Two additional questions remain regarding informed consent in clinical trials. The first question is who should prepare the consent forms. Although it may be argued that a layperson, such as a lawyer, might be able to take the information provided in the clinical trial protocol and cast it into a form that would be most readily understood by prospective subjects, it is suggested here that the investigator is in a better position to perform this task. The investigator is the one who is fully informed as to the various issues that pertain to the clinical trial. Accordingly, the investigator is potentially in the best position to express the necessary information in a manner that is comprehensible to laypersons. This requires that the investigator must be capable of explaining the issues involved in terms that are understandable to the nonphysician. IRBs should insist that, if an investigator wishes to have patients participate in clinical trials under his or her authority, he or she ought to be able to explain to prospective subjects precisely what is involved in terms that subjects can understand.

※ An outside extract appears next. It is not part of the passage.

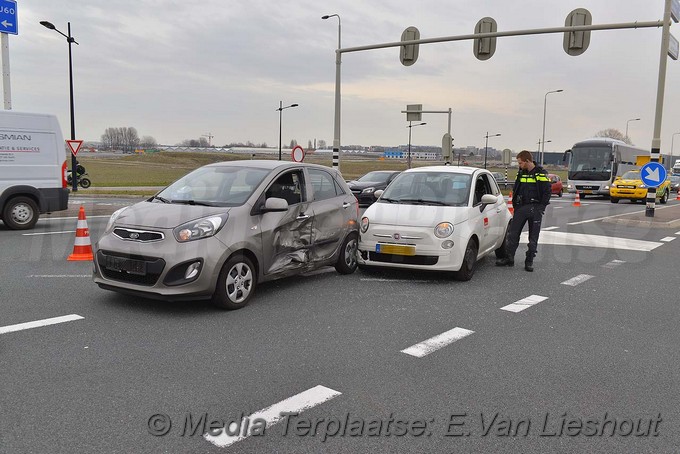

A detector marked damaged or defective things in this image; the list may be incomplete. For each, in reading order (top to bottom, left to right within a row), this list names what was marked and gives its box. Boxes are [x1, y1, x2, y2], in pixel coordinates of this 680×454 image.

damaged car door [258, 170, 314, 274]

The second question is whether a physician should act in the dual capacity as physician and investigator with respect to his or her own patients. Depending on the particular circumstances, IRBs may be satisfied in allowing physicians to enlist their own patients in clinical trials in which they serve as investigators and to act as the caring physician during the trial. Alternatively, IRBs may wish to require that a knowledgeable third party, for example, another physician familiar with the disease and its treatment, or a party whose concern for the patient is without any apparent conflicts of interest, such as a close family member, participate in the recruitment process and in a monitoring capacity throughout the duration of the trial.

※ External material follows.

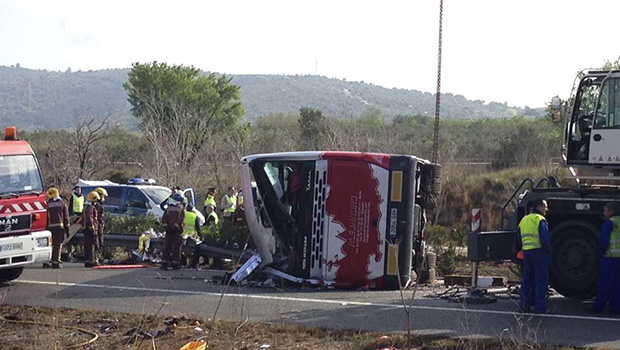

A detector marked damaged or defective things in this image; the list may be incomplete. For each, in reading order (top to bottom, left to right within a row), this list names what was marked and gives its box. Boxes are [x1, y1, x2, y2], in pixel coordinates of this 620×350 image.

overturned bus [242, 152, 440, 288]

In most university-affiliated and community hospitals, the matter should be decided with reference to the particular clinical setting for the trial, the type of patient/subject involved, and the nature of the disease entity under study. For example, in a community hospital having no medical oncologist, cardiologist, etc., other than the physician/investigator, and where the prospective subjects are all private patients of the investigator, it may be appropriate that a patient advocate in the person of a family member or a member of the nursing service be present at the time of the consent proceeding. In a municipal hospital that is university-affiliated and has specialists on staff other than the investigator, it may be appropriate for one of the other staff members to be present at the time consent is enlisted so that the coercive elements that some deem to be inherent in such settings may be minimized. IRBs have to review each proposed clinical trial and specify conditions in which informed consent will be obtained on a case-by-case basis.